わたしはギターを始めたきっかけが中学のクラブ活動(合奏)でして、初めて弾いた合奏曲はop.26のギタートリオでした。今回お聴きいただいたop.20のデュエットも横尾幸弘編の二重奏曲集に収録してあったこともあってなじみがありました。
カルの作品はペトルッチ楽譜ライブラリーで、この曲も含め閲覧することができます。
デュエットop.20
タイトルにはFacile(易しい)という表記もあり、ハ長調。全体には平易なテクニックで書かれていますが全4楽章で演奏時間15分ほどにもなる、割と立派な形をしています。
第1楽章
アダージョ ファンファーレ的な導入と続くおだやかなメロディで祝祭的なイメージがあるでしょうか。
第2楽章
メヌエット タイトルこそメヌエットですが冒頭部などダンスというよりむしろ歌謡調の印象です。この頃の「メヌエット」は単に「中庸なテンポの三拍子の曲」くらいの存在だったのでしょうか。時代を見渡すといろいろなメヌエットが散見されますからそういった時代の過渡期的なものなのかもしれません。トリオも付属します。
第3楽章
アンダンテ 鳥のさえずりがあちらこちらから聴こえるような効果を狙った楽しいアイデアの楽章。
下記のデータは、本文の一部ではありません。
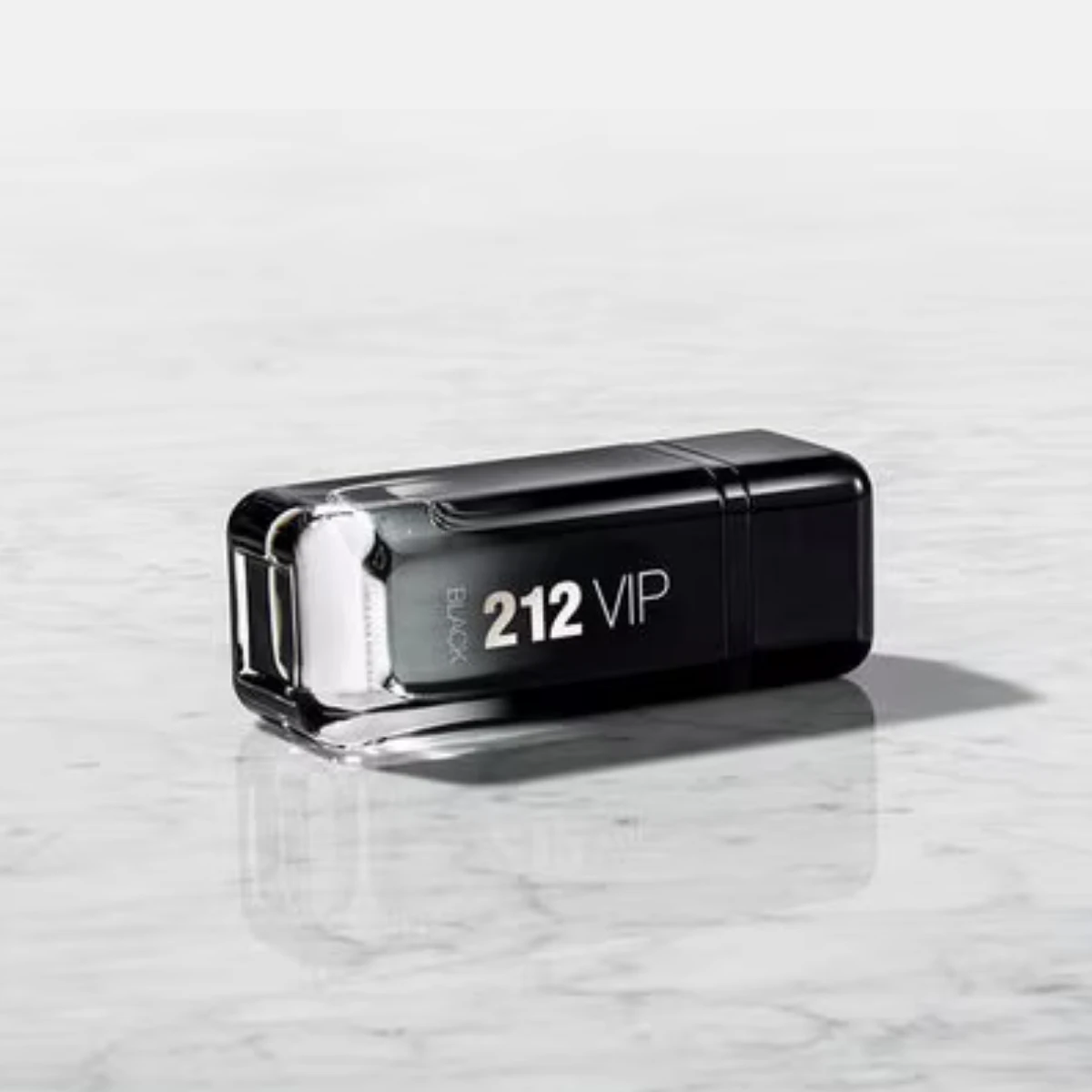 212 VIP Black resting on marble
曲の最後はさらにさえずりが満ちてまるで大きな森の中にいるようです。
第4楽章
ロンド・アレグレット 爽やかに通り抜ける一陣の風。こういう終わり方は当時の典型ですね。途中Fに転調した部分も大変効果的です。
※ 第3楽章で鳥のさえずりを感じた「ファソファソファソ…」というモチーフ、実は第1楽章と第4楽章でも使われていますがこれも意図的なものと思います。